There's no such thing as electric power density. Get these things straight
in your mind, I think you're getting confused, there is:

Electric field intensity - B Volts per meter.
Magnetic field intensity - H Amps (or amp turns if you like) per meter.
Power density - Watts per square meter.

All three are inseparable, and are linked by the intrinsic impedance of
free space = 377 ohms. It's just like Ohm's Law.

The near field has two components.

Firstly, an inductive component, which merely stores energy, returning it
to the antenna each half cycle. Analogous to a resonant circuit.
The inductive field *does not radiate power*, hence does not contribute to
power density. Its electric and magnetic components are antiphase.

Secondly, a component which radiates power as a field having an electric
(E) component, and a magnetic (H) component, mutually at right angles in
space, and in phase.

Energy flow (the Poynting vector) is at right angles to both E and H, and
flows away from the antenna, into space, and is equal to the vector
product of E and H.

In the far field, only the radiation component exists.

Kraus gives the near field boundary as R=2L^2/lambda (meters), where L is
the antenna physical length.

The electric and magnetic components of the *inductive* field have
different spatial patterns. The electric component is concentrated around
the open end (where voltage is maximum), while the magnetic component is
concentrated around the point of maximum current.

The radiating field has both components spatially co-located.

Hence, the near and far field polar patterns are not the same.


Definitely get a copy of Kraus, and bone up on cylindrical and spherical
coordinate systems.

--
"For a successful technology, reality must take precedence
over public relations, for nature cannot be fooled."
(Richard Feynman)

 

[Winston]

Fred Abse wrote:

On Sun, 06 May 2012 10:20:04 -0700, Winston wrote:

(...)

There's no such thing as electric power density. Get these things straight
in your mind, I think you're getting confused

I was referring to S, the power density.

(...)

Kraus gives the near field boundary as R=2L^2/lambda (meters), where L is
the antenna physical length.

Ah! This puts that boundary at ~ 0.6 m for the system I'm
looking at. So that removes near field / far field from
'things I should be concerned about', no matter what.

That is extremely good news and I appreciate it.
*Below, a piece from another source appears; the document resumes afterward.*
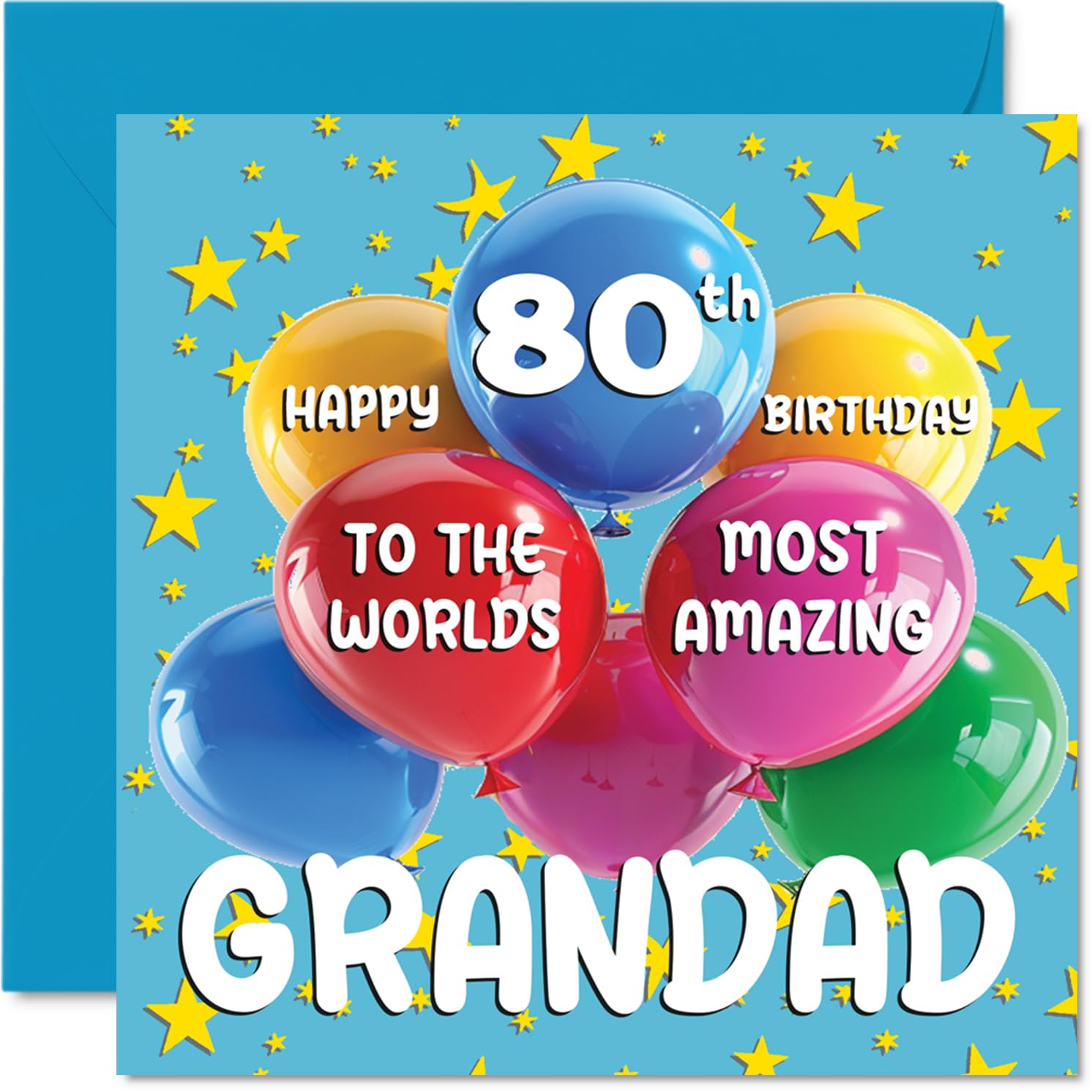 Stuff4 80th Grandad Birthday Card - World's Most Amazing Grandad | 145mm Square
The equation I cited earlier yields results that are very close
to the actual readings taken from a live system, so I am
happy to use it to check on the data I'll eventually gather.



Thanks again, Fred.


--Winston

 

[Winston]

Fred Abse wrote:

On Sun, 06 May 2012 09:31:21 -0700, Winston wrote:

Fred Abse wrote:
On Sat, 05 May 2012 15:14:59 -0700, Winston wrote:

Winston wrote:

(...)

So, the on-axis 'near field' of an antenna with a gain of 10 is
actually more like 50 wavelengths - rather than say 5 wavelengths -
away?

I conjecture that I *should* be calculating watts / cm to fall
inversely with distance (rather than as the inverse cube...)
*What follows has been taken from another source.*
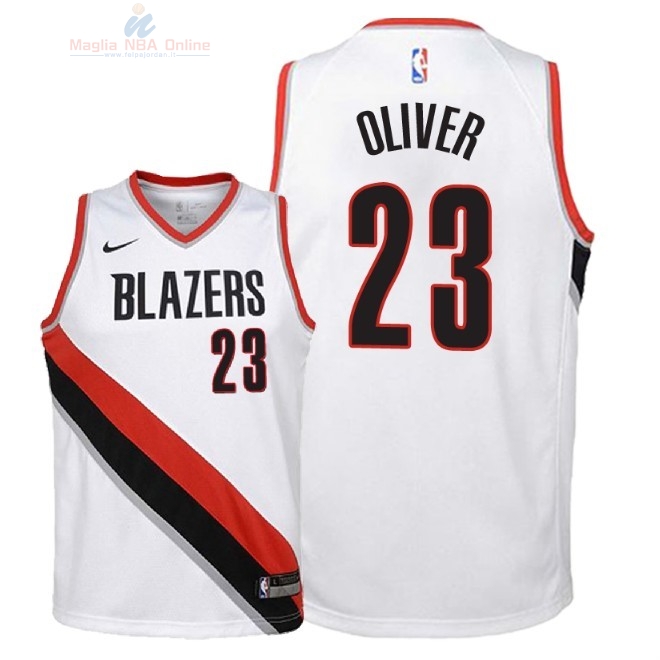 Acquista Maglia NBA Bambino Portland Trail Blazers #23 Cameron Oliver Bianco Association 2018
Er. make that '(rather than as the inverse square...)'

Yes, I meant W/cm^2 not W/cm. My bad.

No. A lot of people get this wrong, in one way or the other.

Power density (watts per unit area) falls inversely as the square of the
distance.

Yes, in the far field. I've measured that to be the case. That ain't my
question.

1) The old tale about power density falling inversely (not as the
inverse square) within the *near field* is true, yes? (I know. 'Just
Measure It'.)

No, because the "near field" component *does not radiate power*.

OK. Got it! Thanks.

2) The center lobe of a directional antenna with a gain of say 10
would be expected to have a near field border about 10 x further from
it than would an isotropic, all else being corrected, yes? (That
sounds perfectly reasonable, but I don't want to assume.)



A theoretical isotropic radiator, by definition, has no near field. It's
a radiator only.

Near field boundary is determined by physical dimensions, not theoretical
gain.

Excellent news!

Thanks for helping me limit my ignorance.

--Winston